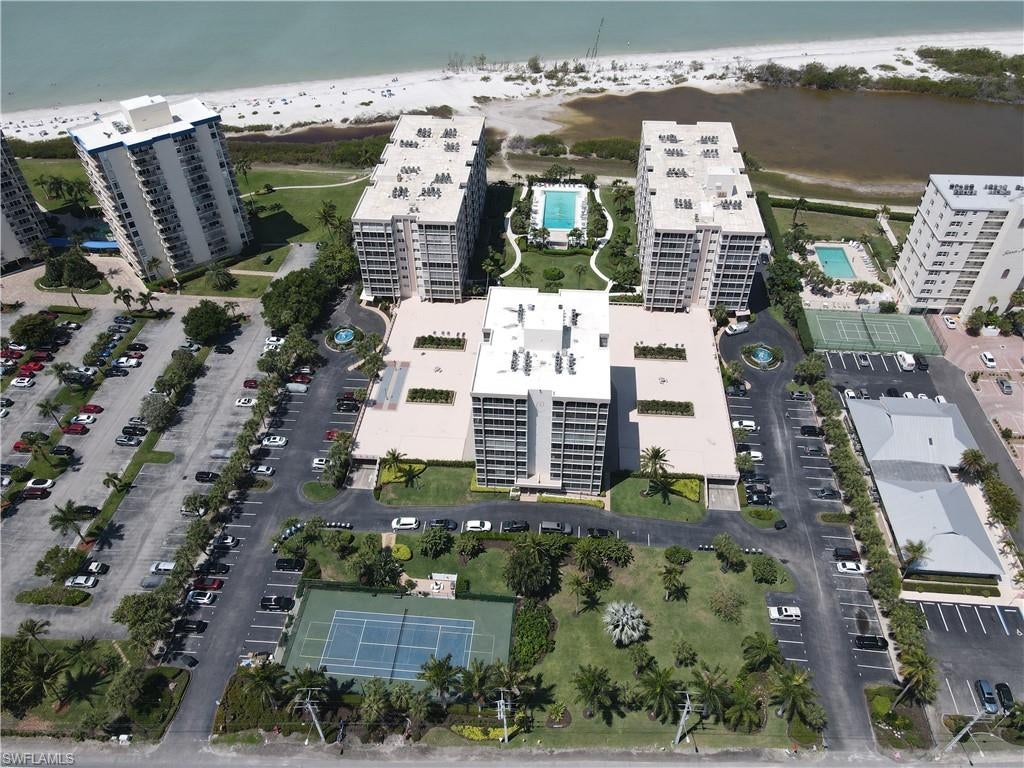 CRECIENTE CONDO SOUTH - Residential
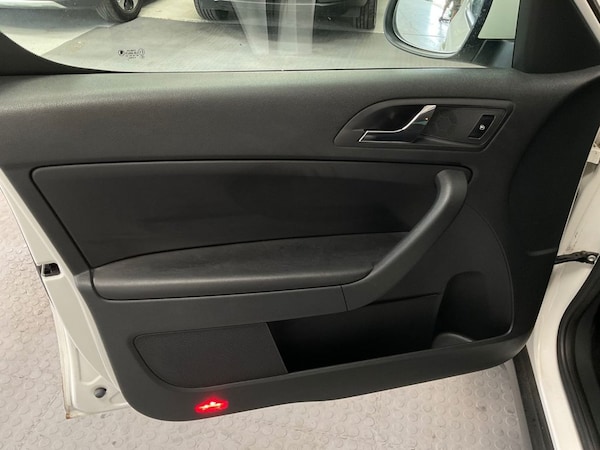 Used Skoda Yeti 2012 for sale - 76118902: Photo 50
* * *
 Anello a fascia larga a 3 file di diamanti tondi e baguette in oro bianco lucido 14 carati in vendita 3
* * *
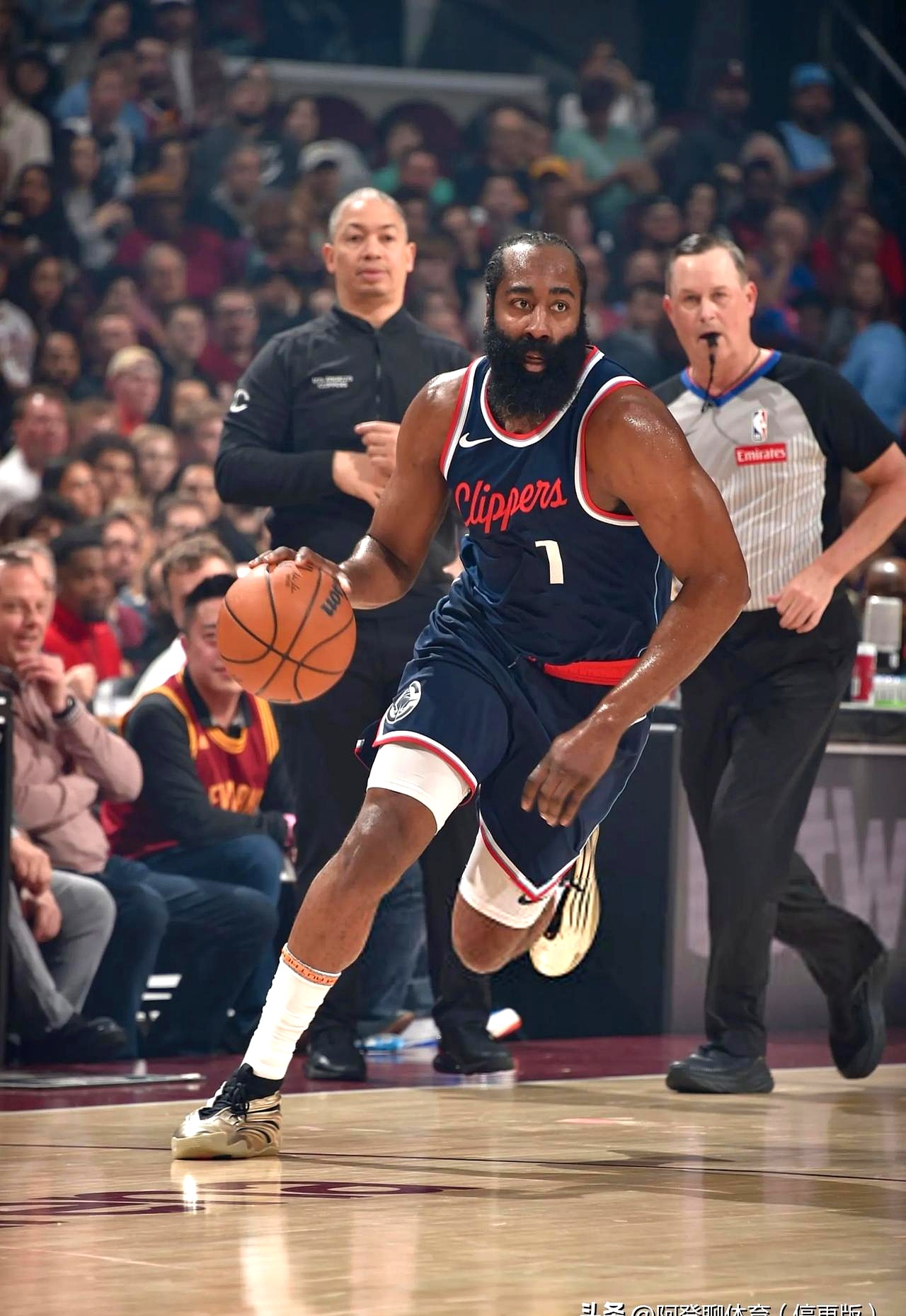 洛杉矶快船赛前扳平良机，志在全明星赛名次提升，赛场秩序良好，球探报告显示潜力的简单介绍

» **WHAT THE EXERCISE ASKS**:
Print the line above containing "CRECIENTE CONDO SOUTH - Residential", the line containing "Used Skoda Yeti", and everything between them, exactly as written. Pictures stay out.

» **RESULT OF THE EXERCISE**:
 CRECIENTE CONDO SOUTH - Residential
 Used Skoda Yeti 2012 for sale - 76118902: Photo 50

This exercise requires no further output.